March 31, 2011 — Jenny Strauss Clay, William R. Kenan Jr. Professor of Classics, "Homer's Trojan Theater: Space, Vision and Memory in the 'Iliad.'" Cambridge University Press.
In "Homer's Trojan Theater," Clay, a classics professor in the College of Arts & Sciences, analyzes and shows the visual plan of the positions of the actors in Homer's "Iliad," and explores the setting – the locations of the Greek war camp, Troy and the geographical features of the Trojan Plain. Translating the poem's verbal account into a visual medium demonstrates not only the coherence of its plan, but also reveals the role of spatial design in plotting its narrative.

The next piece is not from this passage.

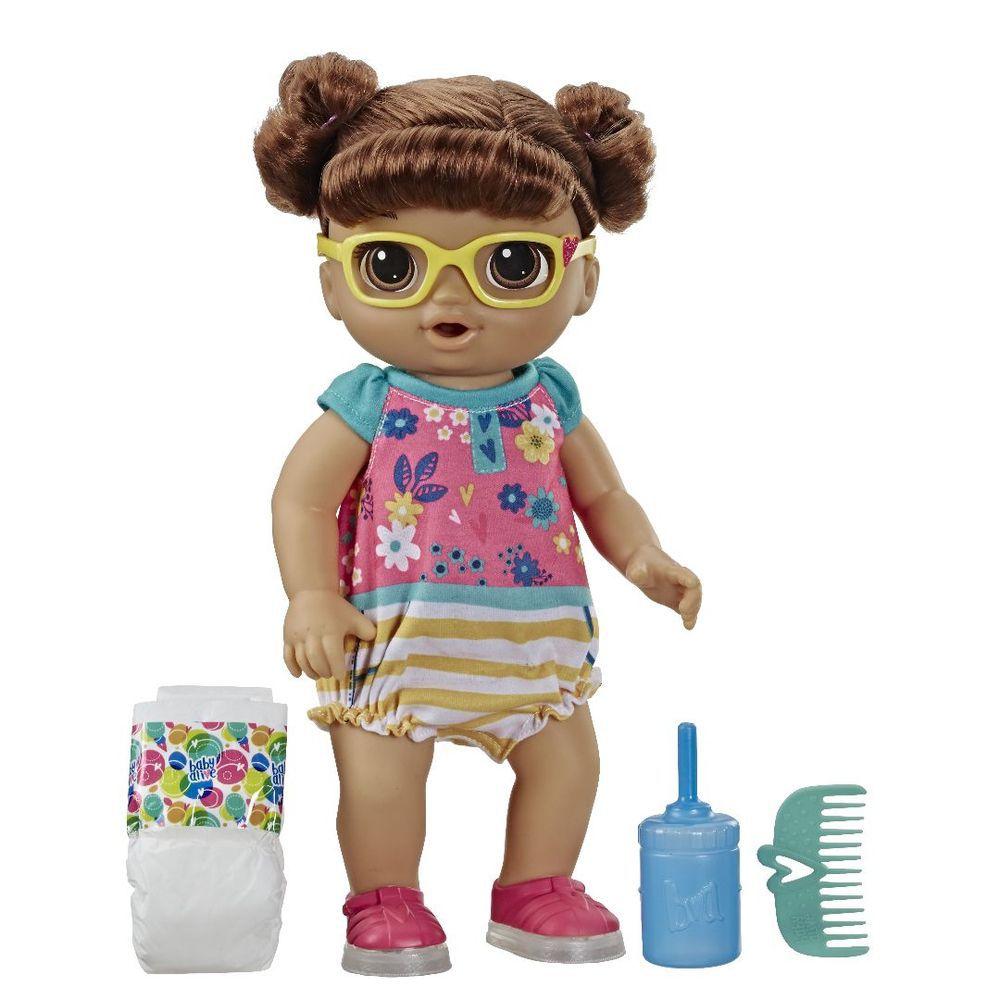 Boneca Baby Alive Bebe Passos E Sorrisos Morena E5248 Hasbro Bonecas E Acessorios Magazine Luiza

The often-neglected "Battle Books" of the "Iliad" here emerge as a coherently visualized narrative sequence rather than as a random series of combats.
Clay also has a website, "Homer's Trojan Theater" (hosted by U.Va.'s Institute for Advanced Technology in the Humanities) in which she provides a visual interface that maps the action described in the "Iliad" on a schematic map showing Troy, the Trojan Plain, the Greek camp and the surrounding landscape. A timeline follows the narrator's line-by-line descriptions with icons representing major characters as they move and interact. The project features abstract maps of the battlefield that show the action shifting line-by-line in Greek and English versions of the texts.